Wednesday, October 30, 2013

Muscovite - Animal? Vegetable? Mineral?

When I was a kid, like a lot of others, I collected rocks, mostly ones with fossils of sea shells. Half a century later I am looking at rocks again, driven by an interest in the geography and geology of the places where I hike. In an earlier post I documented my quest for garnet schist. Then in September, while hiking around the Dorsey tunnel on an eroded section of the trail, I came upon a few small rocks with a strange feature. They had what looked and felt like sheets of transparent plastic in them. I guessed they must be some kind of mica, but I had never seen anything like it before. Then last week my brother Chris, knowing of my renewed interest in rocks, handed me a small book, Rocks and Minerals, published in 1957 by Golden Press. There on page 97 was a perfectly drawn illustration almost identical to one of the rocks I had picked up. It was Muscovite, a type of mica as I had suspected. Here is a photo of my rocks, with a dime provided for scale and a knife blade to demonstrate the plastic sheet-like quality of the mineral.


Monday, October 14, 2013

Woodbine to the Mt. Airy Tunnel

Today I hiked from Woodbine, actually the Morgan Road crossing on the approach to Woodbine, to the Mt. Airy tunnel, a seven mile walk. I saw two trains. At the start an eastbound train headed for Baltimore at the Woodbine tunnel. At the finish a westbound car carrier train headed into the Mt. Airy tunnel. The only living wildlife I saw were birds and the first and biggest of them was an injured turkey buzzard, which literally fell down the hillside on the approach to the Woodbine tunnel. I think we scared each other. The big bird appeared to have an injured wing, rendering it unable to fly, though it was able to walk.


The other wild animals I saw, at least a half dozen, were all road kill between the tracks, including the box turtle in my previous post today. Not a happy day for wildlife viewing. Also strange was that the Mt. Airy tunnel was the only tunnel I have encountered on the Old Main Line that does not have its name built into the masonry of the tunnel's portal.
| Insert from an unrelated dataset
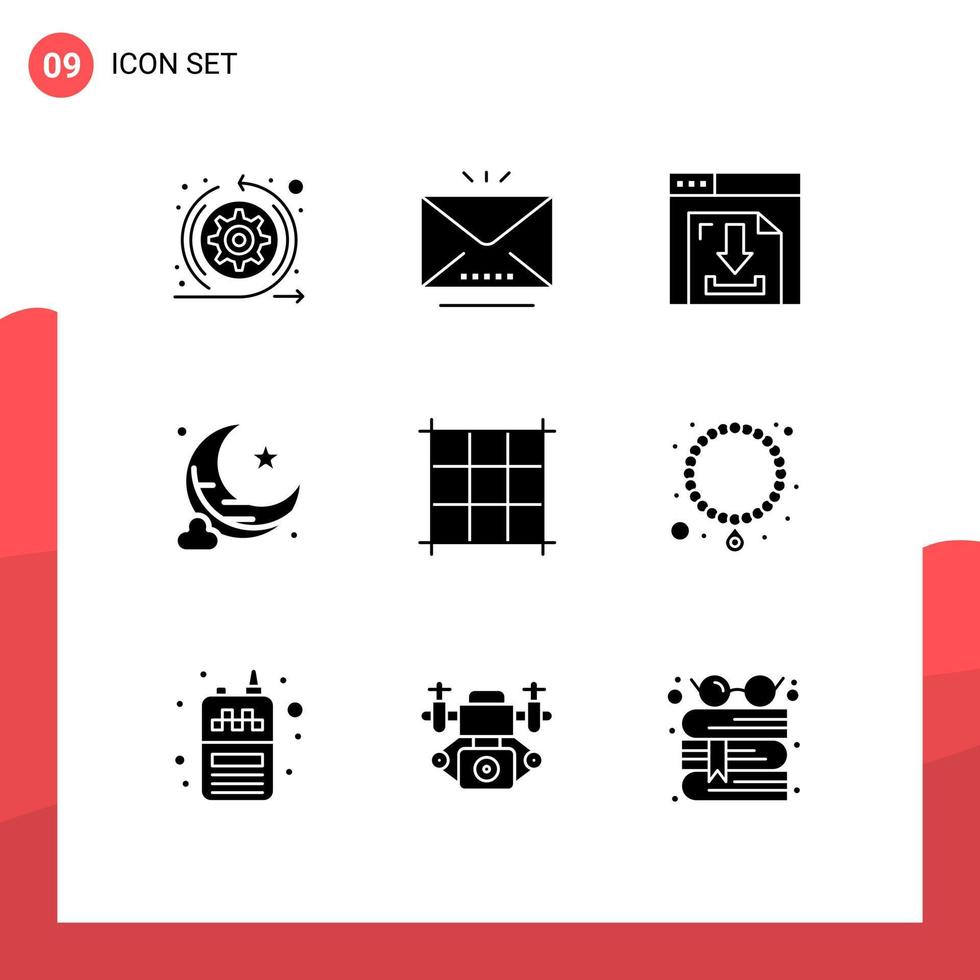 Universal Icon Symbols Group of 9 Modern Solid Glyphs of necklace pixels arrows star moon Editable Vector Design Elements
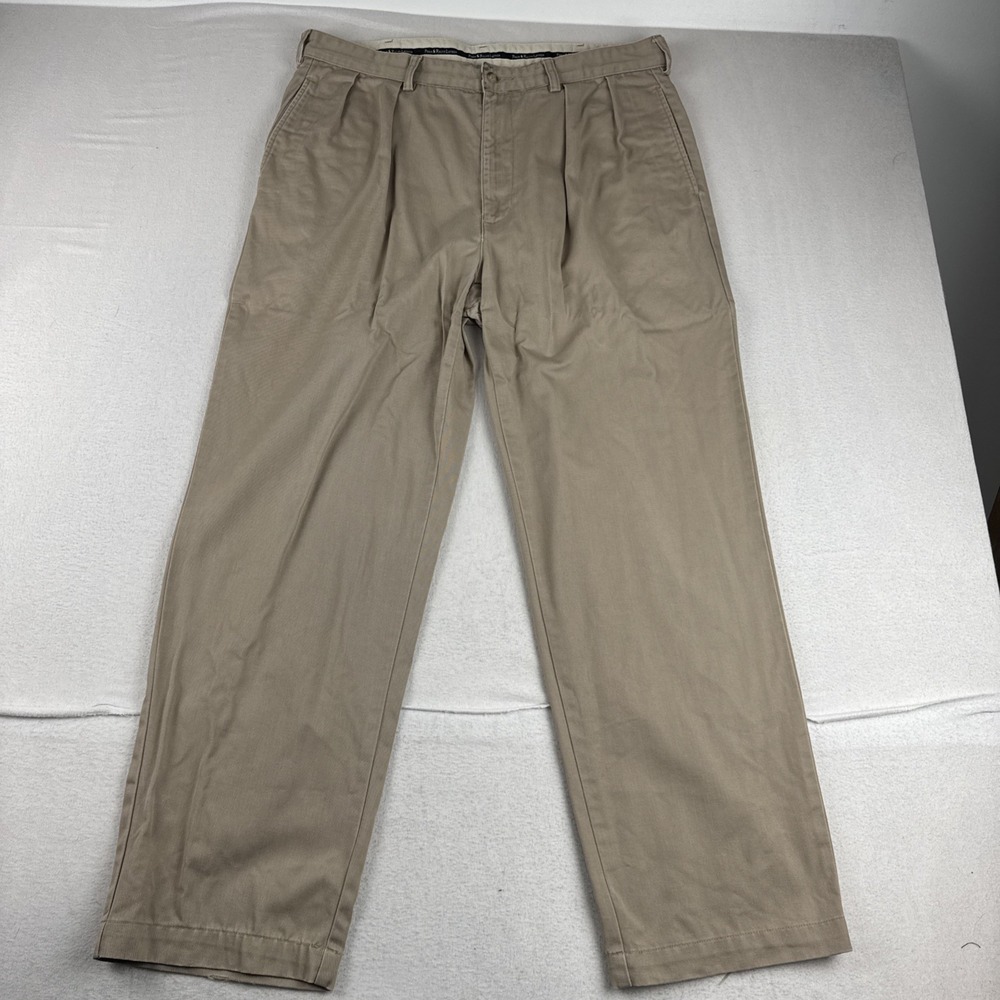 VTG Polo Ralph Lauren Andrew Mens Beige Chino Pants fits 36*30 READ 90s Preppy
You can see more photos here.

What happens when you don't or can't walk away.....

On October 2nd I posted about a box turtle that came up against a rail, an obstacle he could not hurdle. He turned and walked away. During today's hike I encountered another box turtle, or what was left of him, between the rails. He could not have climbed a rail to get where he was. There are only four ways he could have gotten there: 1) crawled under a low spot where gravel was washed out between two ties, 2) was dropped by a small animal mamal predator, 3) was dropped by an avian predator, 4) was placed there by a cruel human, who would know he could never escape.



This shot shows the impossibility of the turtle's predicament.


Thursday, October 10, 2013

Hiking in the clouds....and in the rain they carry


Today, after yesterday's ten mile warm up, I hiked fifteen miles in the rain from Frostburg to Cumberland along the Western Maryland Scenic Railroad right of way. It was wet but beautiful, and everyone on the trail except me was on a bike. The clouds came down to meet us.





And the view of the the Allegheny escarpment in the Cumberland Narrows, Maryland's Cumberland Gap, was quite impressive and made clear what early American settlers were up against in moving over the Allegheny mountains.


More photos here.

Wednesday, October 9, 2013

The Great Allegheny Passage


Actually the GAP is mostly above ground, but this is a shot inside the three quarters of a mile long Big Savage Tunnel through Big Savage Mountain only a short distance east of the eastern continental divide. This morning I hiked a ten mile stretch of the Passage from Deal, PA to Frostburg, MD with my brother Chris. It was the nicest hiking and biking trail I have ever walked because of vistas like this:


The trail is on an abandoned Western Maryland Railroad right of way which runs from Cumberland, MD to Pittsburgh. PA and connects with the C&O Canal tow path at Cumberland. More photos can be seen here.

Tuesday, October 8, 2013

Cumberland Connection


The Western Maryland Railroad station in  Cumberland, MD. This spot in The Queen City is where the C&O Canal, The B&O/CSX RR and the Great Allegheny Passage rail trail meet at the confluence of the Potomac River and Wills Creek, one of five gaps allowing passage over the Allegheny Mountain range, the other Cumberland Gap. It is also where during the French and Indian War British General Braddock, with his aide, Colonel George Washington,  marshaled his forces at Fort Cumberland before attacking the French at Fort Duqusne, now Pittsburgh. Braddock suffered fatal wounds when his force was ambushed en route to Fort Duquesne. George Washington assumed command. In 1794 President Washington again used Cumberland as a staging area before he marched into Pennsylvania as Commander in Chief of an American army to suppress The Whiskey Rebellion on the western frontier of the new nation. More photos here.